Usually, however, this belief is incorrect and this strategy bears little fruit. This is because the ultimate source of the damage caused by such policies lies not in any intended malevolence by politicians, bureaucrats, regulators or special interest groups. Rather, it lies in the ideas which underlie their actions. These ideas are fundamental but seldom espoused clearly (or at all). Instead, they tend to be sanctioned by authoritative texts and scholarly articles and legitimised by uncritical second- or third-hand repetition in mainstream media of communication. 

These ideas, whether spoken, written or unstated, become the lenses through which economic policy makers view the world. Bureaucrats and politicians, one needs hardly to mention, inhabit bureaus rather than businesses; further, the progression of their careers depends upon the extraction and expenditure of taxes – not the creation, retention and growth of profits. Bureaucrats and the politicians whom they tutor are likely, whether consciously or not, to propagate the mainstream economic theory to which they were exposed at university. But like the academics who promulgate this theory, policymakers are unlikely to experience applied economics at the coalface, i.e., to operate real businesses that compete for real customers in real markets. Nor are bureaucrats or academics likely to experience the concrete consequences of their abstract theories: they are very unlikely, in other words, to suffer materially in the event that their actions injure businesses, employees, customers and shareholders.

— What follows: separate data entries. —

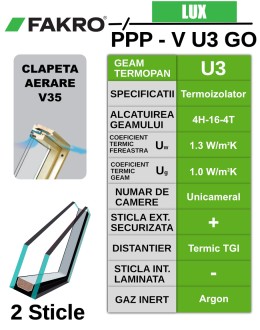 Fereastra mansarda cu rama de etansare, dubla deschidere FAKRO PPP-V U3 GO preSelect Max, din PVC stejar auriu, 2 sticle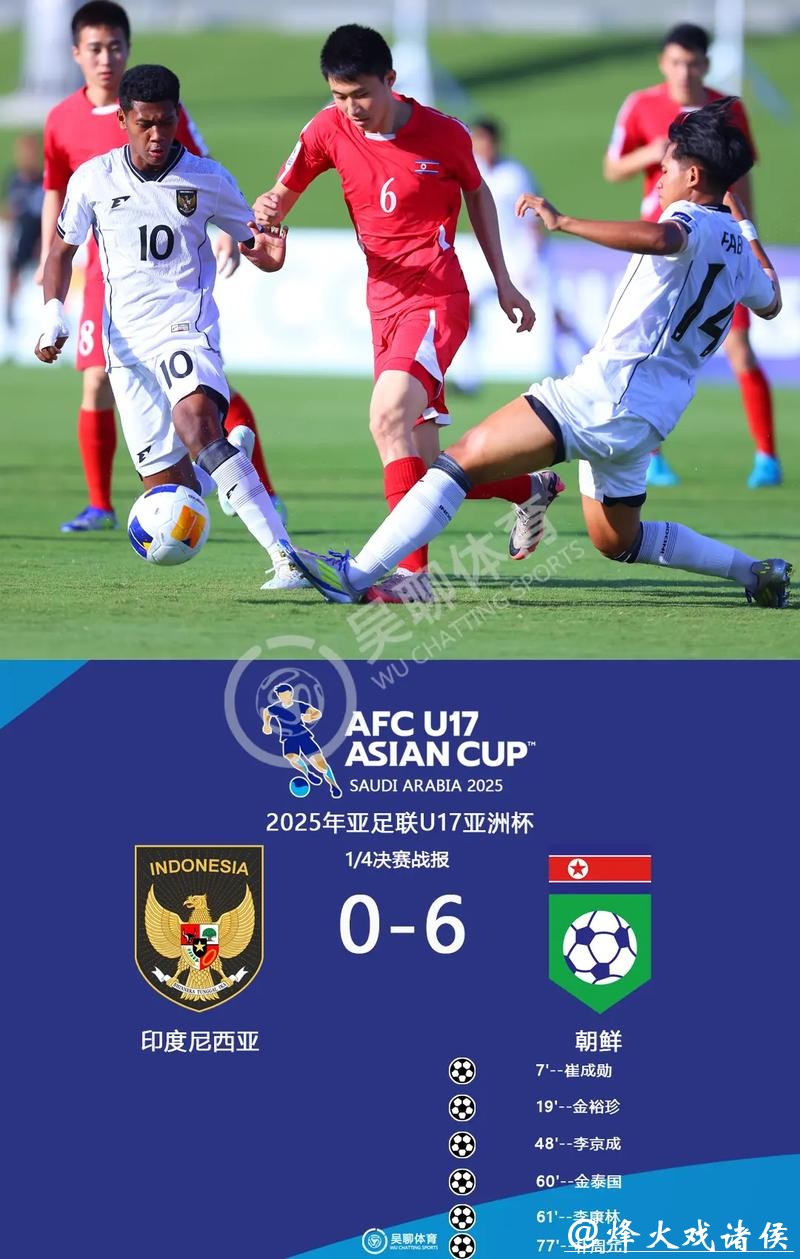 世界杯外围赛：亚洲球队的崛起之路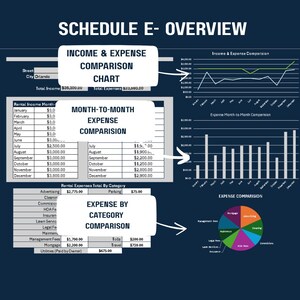May include: A detailed financial overview titled "Schedule E - Overview" with charts and tables. Includes an income and expense comparison chart, month-to-month expense comparison, and expense by category comparison. The total income is $36,300.00.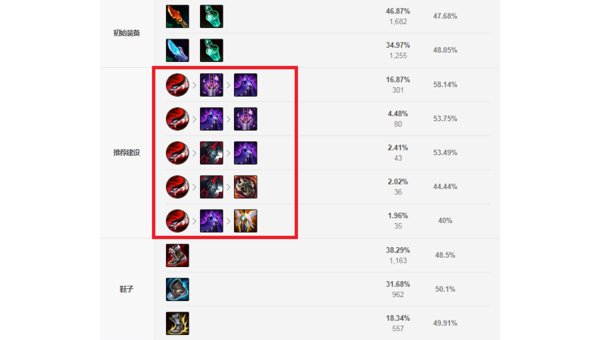 永恒梦魇最强出装攻略秒杀后排制霸野区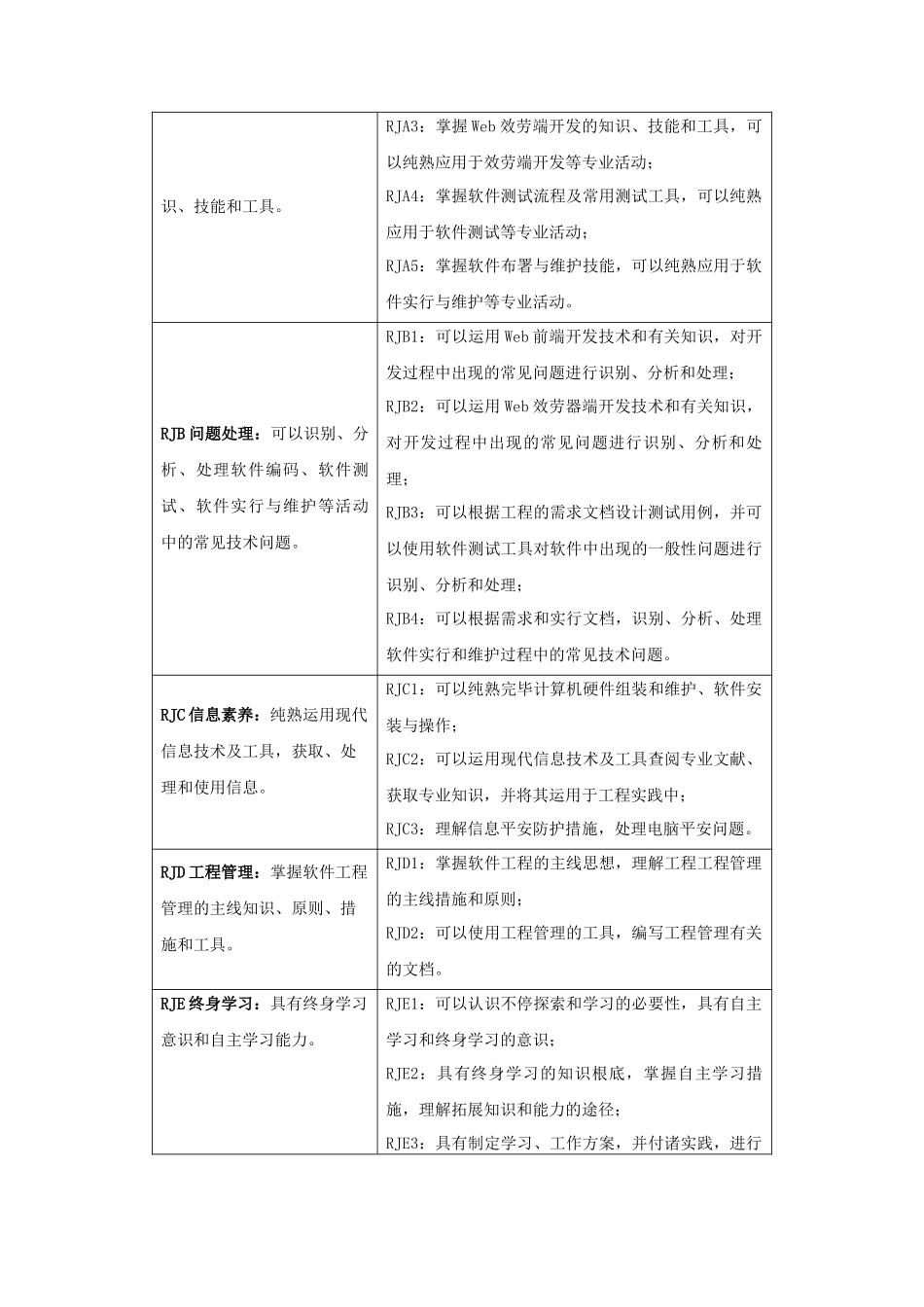 2025年软件技术对口单招专业人才培养方案_第2页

Unlike bureaucrats and politicians, businessmen are likely to know the facts and implicit knowledge pertaining to their own businesses. Unlike bureaucrats and politicians, they are also likely to prosper in roughly direct proportion to the fortunes of their businesses. But because they are unlikely to possess any detailed knowledge of abstract economic theory, they often find themselves at a sharp disadvantage when confronted with the actual results of governments’ economic policies. Businessmen cannot answer – and are frequently unaware of – the premises on which economic policies rest. Even more fundamentally, and as is the case (to a greater or lesser degree) in all Western countries, so too in Australia: these premises, seldom stated explicitly or formulated clearly by élitists, have since the late 1930s recast the climate of economic opinion. Like other Australians, businessmen have inhabited this climate of opinion and their views about economic matters have been moulded by it. Accordingly, for more than a half-century the Commonwealth government’s Keynesian instincts, premises and policies have been generally – and in many instances enthusiastically – supported by Australian businessmen and their lobbyists in Canberra. 

One of the government’s most ubiquitous statistics (Gross National Product), and one of its most sacrosanct policy objectives (the encouragement of private-sector and public-sector consumption) provide notable examples of this phenomenon. Each, despite the distortions and (arguably) harmful results which have been wrought in their names, has been accepted without comment or question by businessmen, media commentators, market participants and consumers.